Most offers will also require that you submit your credit card number. While this is generally safe, there is always some risk of identity theft when sharing your financial information online (especially if you don’t really plan on paying for anything). Weigh these negatives against the potential value of the offer before making your final decision.
2. Difficult Cancellation Process
It is much more difficult to cancel a free trial than to start one. Although you sign up online, you might have to cancel over the phone. These calls can take forever. Remember, the companies don’t want you to cancel the offer. They have absolutely no motivation to make the cancellation process easy or convenient.
Sometimes even when you call to cancel an offer you end up getting charged and have to call back to make the same request. It always helps to note the time, date, and the name of the person you spoke with to add some pressure to get them to take action.
3. Are You Going to Remember to Cancel?
It is your responsibility to cancel the service by the end of the free trial. After all, companies make money when people forget to cancel and you might not notice until you see an unusual charge on your credit card bill. If you’re not in the habit of checking the statement for your credit card or debit card on a monthly basis, the cost to you could be even higher.
So if you decide to sign up for a free trial, mark the cancellation deadline on your calendar and set up an alert (through your cell phone or an online tool like Google Calendars) to make sure you remember to cancel before the trial period expires.

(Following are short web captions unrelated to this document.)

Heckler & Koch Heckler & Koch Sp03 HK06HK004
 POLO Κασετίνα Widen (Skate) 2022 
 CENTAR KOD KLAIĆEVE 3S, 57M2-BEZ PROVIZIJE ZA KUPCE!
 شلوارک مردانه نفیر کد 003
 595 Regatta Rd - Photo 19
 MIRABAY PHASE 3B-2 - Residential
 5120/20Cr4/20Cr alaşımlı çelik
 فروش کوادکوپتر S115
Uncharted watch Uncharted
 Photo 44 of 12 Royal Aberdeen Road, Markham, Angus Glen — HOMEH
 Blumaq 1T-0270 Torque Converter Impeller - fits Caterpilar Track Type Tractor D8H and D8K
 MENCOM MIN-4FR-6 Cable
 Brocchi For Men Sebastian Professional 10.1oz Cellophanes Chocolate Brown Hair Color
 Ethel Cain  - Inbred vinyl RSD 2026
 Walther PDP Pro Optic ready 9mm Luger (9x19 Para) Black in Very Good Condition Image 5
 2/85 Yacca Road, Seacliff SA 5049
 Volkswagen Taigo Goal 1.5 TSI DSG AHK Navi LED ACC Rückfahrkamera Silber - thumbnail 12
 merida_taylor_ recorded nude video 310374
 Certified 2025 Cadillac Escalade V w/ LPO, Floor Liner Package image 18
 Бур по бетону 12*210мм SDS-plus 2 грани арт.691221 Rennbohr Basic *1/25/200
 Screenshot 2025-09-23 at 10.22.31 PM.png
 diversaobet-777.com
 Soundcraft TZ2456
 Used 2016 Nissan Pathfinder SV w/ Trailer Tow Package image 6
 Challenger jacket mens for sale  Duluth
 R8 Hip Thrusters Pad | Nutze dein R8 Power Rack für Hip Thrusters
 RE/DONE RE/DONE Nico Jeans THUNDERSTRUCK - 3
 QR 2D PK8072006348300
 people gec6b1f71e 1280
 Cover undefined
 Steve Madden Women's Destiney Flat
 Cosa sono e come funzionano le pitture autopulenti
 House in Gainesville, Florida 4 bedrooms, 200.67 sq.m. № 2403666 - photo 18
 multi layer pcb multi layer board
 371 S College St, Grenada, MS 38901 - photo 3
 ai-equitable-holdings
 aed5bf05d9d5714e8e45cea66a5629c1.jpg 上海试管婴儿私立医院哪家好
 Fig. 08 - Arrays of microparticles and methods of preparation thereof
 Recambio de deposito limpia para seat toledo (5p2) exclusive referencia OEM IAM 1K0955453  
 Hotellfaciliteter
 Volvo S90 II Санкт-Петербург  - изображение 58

Think twice before signing up for random services you don’t need just because they’re “free.” There are too many risks involved, and if you’re not careful, these offers can cost you a lot of money.
If you have to enter your credit card number, that’s a red flag. Also, read through the fine print and find out what the cancellation process entails before you move forward. Another tip is to do an online search for the company or product with the words “review”, “complaint” and “scam” to find potential issues.
Rest assured, not all free trials have issues. Free trial offers can be legitimate ways to introduce new products. Credible companies make sure consumers understand what they are signing up for and do not hide key information. But overall, there are far more disadvantages to free trial offers than advantages.